For me, working with ANNIS was much more fun than annotating sentences in Google Collab. I liked actually being able to get some quantifications out of the sentences we annotated. Although in the end the corpus we uploaded on ANNIS was not that extensive, it was still very interesting to see the possibilities the program offers.
During the course of this semester, we already noticed an extremely high error rate in the POS classification and dependency tagging of spaCY. I was interested to see, how high that rate is in numbers, now that we could do analysis of that sort with ANNIS. Because it was the end of the semester and my time and capacities were limited, I limited my research to four POS, which I thought were most interesting.
With the help of the ANNIS Query Builder I looked for all proper nouns (PROPN), nouns (NOUN), verbs (VERB) and adjectives (ADJ) that were annotated (manually) as foreign. I then checked, how many of the POS tags were actually correct. Because my language skills are limited and it wasn’t always clear what language I was analysing, there were some words (or tokens) I couldn’t identify even through research. These are my findings:
POS | Foreign words with that tag | classification considered correct | unsure about classification |
PROPN | 420 | 55 | – |
ADJ | 26 | 4 | 2 |
NOUN | 168 | 93 | 23 |
VERB | 25 | 8 | 5 |
As you can see, the POS tagged the most is the proper noun, which was also our impression in previous sessions. It seems that labelling a token as PROPN is an easy solution for words which can’t be recognised by the machine. It is also the category with the most mistakes.

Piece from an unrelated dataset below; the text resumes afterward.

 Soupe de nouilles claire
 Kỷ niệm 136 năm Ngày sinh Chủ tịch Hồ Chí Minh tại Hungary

The POS with the least mistakes is the NOUN. This might be due to the fact that a noun is relatively easy to identify, especially if it is the only foreign word in an English sentence and maybe even accompanied by a determinant. This is probably also the reason, why authors of multilingual literary texts use relatively many foreign nouns: they are easy to discern for English readers.
For ADJ and VERB, the number of findings is relatively low, so I’m not comfortable making any conclusions because of my „findings“. I suspect, that verbs and adjectives are a lot harder to identify than nouns and proper nouns, also because they usually change due to flexion and conjugation (at least in the languages that I know).

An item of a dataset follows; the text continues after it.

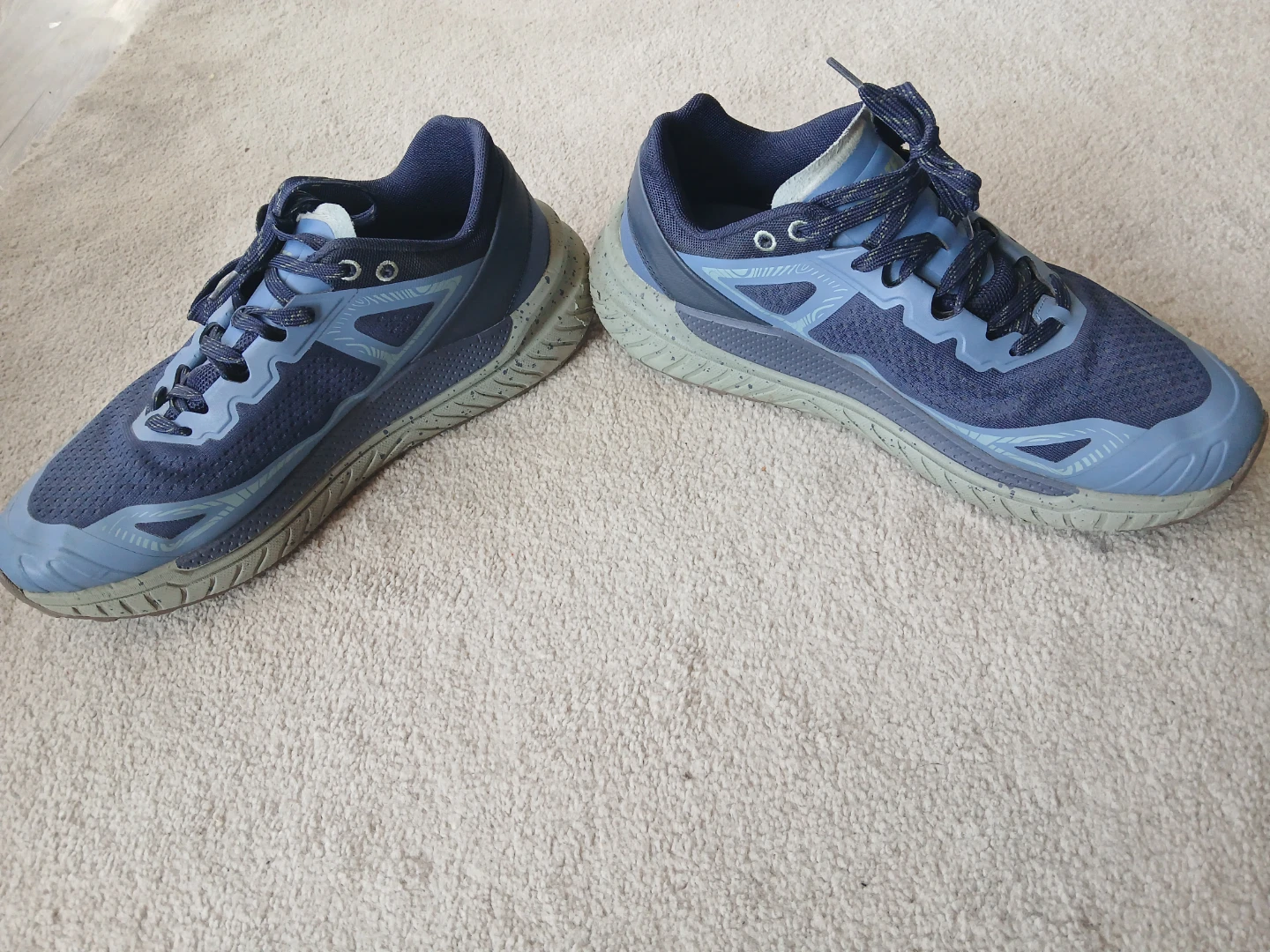 Hi Tec men's trail shoes size 12 - photo 3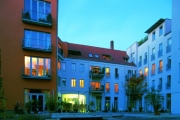 AHR11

I know that our corpus is not yet big enough to come to definitive conclusions. It might also be biased, because we tried choosing a high variety of sentences out of every book. Still, it was quite interesting to see (if only on a small scale) what ANNIS can do.

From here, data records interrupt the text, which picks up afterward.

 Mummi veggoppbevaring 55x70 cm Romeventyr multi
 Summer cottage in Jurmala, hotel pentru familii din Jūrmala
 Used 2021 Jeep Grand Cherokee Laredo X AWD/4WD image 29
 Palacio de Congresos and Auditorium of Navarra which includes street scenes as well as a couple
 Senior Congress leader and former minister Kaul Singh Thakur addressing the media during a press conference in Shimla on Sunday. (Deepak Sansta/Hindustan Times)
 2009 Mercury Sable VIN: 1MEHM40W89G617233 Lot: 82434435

Dear Iska, As you already know, I also found ANNIS easier and more fun to work with. In addition, I believe that the ANNIS Query Builder is an extremely helpful device. Something that Google Colab did not provide. I enjoyed searching and comparing different POS-tags of "foreign" words through the surveys. As you also mention, ANNIS made it easier to observe specific words and their POS tags by manually searching for them. It is impressive to see that in your observation only 55 PROPN POS tags of the 420 is correct. This is a common observation with both ANNIS and Google Collab: the over-usage of PROPN POS-tag for many "foreign" words. I also agree that they are definitely easier to discern for English readers; however, even for an English reader the constant tagging of words as noun do not make any sense. I hope that in near future, websites as such are more familiar with multilingual contexts which would allow them to better identify foreign words and their part of speech.